University Park North and South
North: 540-MW, simple-cycle peaking facility with twelve GE LM6000s.
South: 300-MW, simple-cycle peaking facility with six FT8 TwinPacs.
The plant is located in University Park, Illinois.
Owned by LS Power
Operated by IHI Power Services
Plant manager: Brandon Dupler
Background. University Park North and South use demineralized NOx water injection to reduce NOx emissions on simple-cycle peaking units. Cold-weather events in the Chicago area periodically freeze stagnant water at pipe contact points, forcing the plant to hold units out of service to remain in compliance. The site implemented a low-cost modification and an operator-driven procedure, using instrument air to clear NOx water lines when temperatures drop below freezing.
NOx water injection uses demineralized water injected into the combustor with natural gas to reduce firing temperature and lower NOx emissions. At University Park, NOx is described as the plant’s most restrictive permitting constraint because of its role as an ozone precursor at ground level.

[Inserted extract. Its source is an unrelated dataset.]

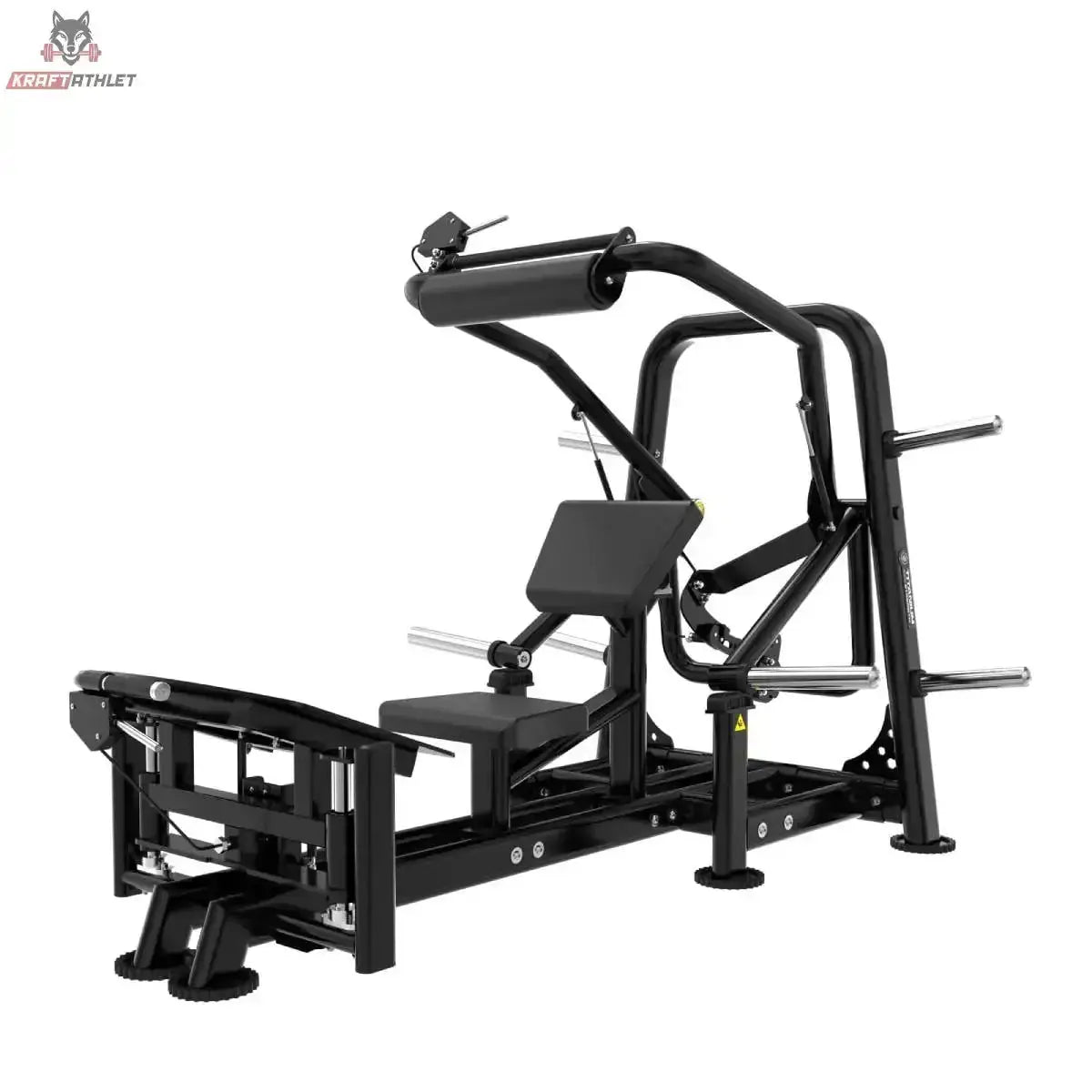Titanium Strength Genesis Series Hip Thrust – Seitenansicht mit Rückenpolster und Scheibenaufnahmen, schwarz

Because the facility operates as a peaker, water can sit in small-bore runs and low points between dispatch events. That operating profile increases exposure to freezing, especially at support and hanger contact points where cold can migrate into the line during wind-driven events.
Challenge. Both University Park North and South insulated and heat traced the NOx water piping. Even after insulation and heat-trace updates, the site continues to experience freeze-ups during severe wind and low temperature conditions.
The team identified a repeatable failure mechanism: At approximately minus 14F, cold migrates from the steel support structure through the pipe hanger and freezes the water at contact points when there is no water flow. When operators attempt a start at those temperatures, the result is either no NOx water flow or reduced flow, which prevents compliance with emissions limits and can block unit operation.
Operationally, this creates two compounding risks:
- Forced outages and delayed starts during cold snaps when dispatch value is high.
- Compliance exposure because the units cannot legally operate without NOx water injection available.
Solution. University Park adopted a simple, economical approach: tie the plant air system into the NOx water system so operators can clear the line when temperatures warrant.
The site incorporated temperature triggers into operator rounds. When conditions are below freezing, operators momentarily open the air line to blow water out of the NOx water piping (Fig 1). After verifying the line is cleared, operators isolate the air supply so the unit remains ready for the next start. The same evolution is performed after shutdowns when ambient conditions indicate a freeze risk.
Key implementation details include:
- A clear, repeatable valve lineup so the blowdown evolution is consistent across shifts.
- Isolation capability so the air tie-in is secured after the line is cleared.
- A verification step confirming water has been removed before returning the system to standby.
Results. The modification is now installed on the site’s LM6000 engines and on the FT8-3 units.
During the 2023–2024 winter, the plant experienced multiple forced outages and start-up issues attributed to frozen NOx water lines. In the following winter season, after the air tie-in and procedure are implemented, the team reports zero start failures or NOx-water issues caused by frozen lines.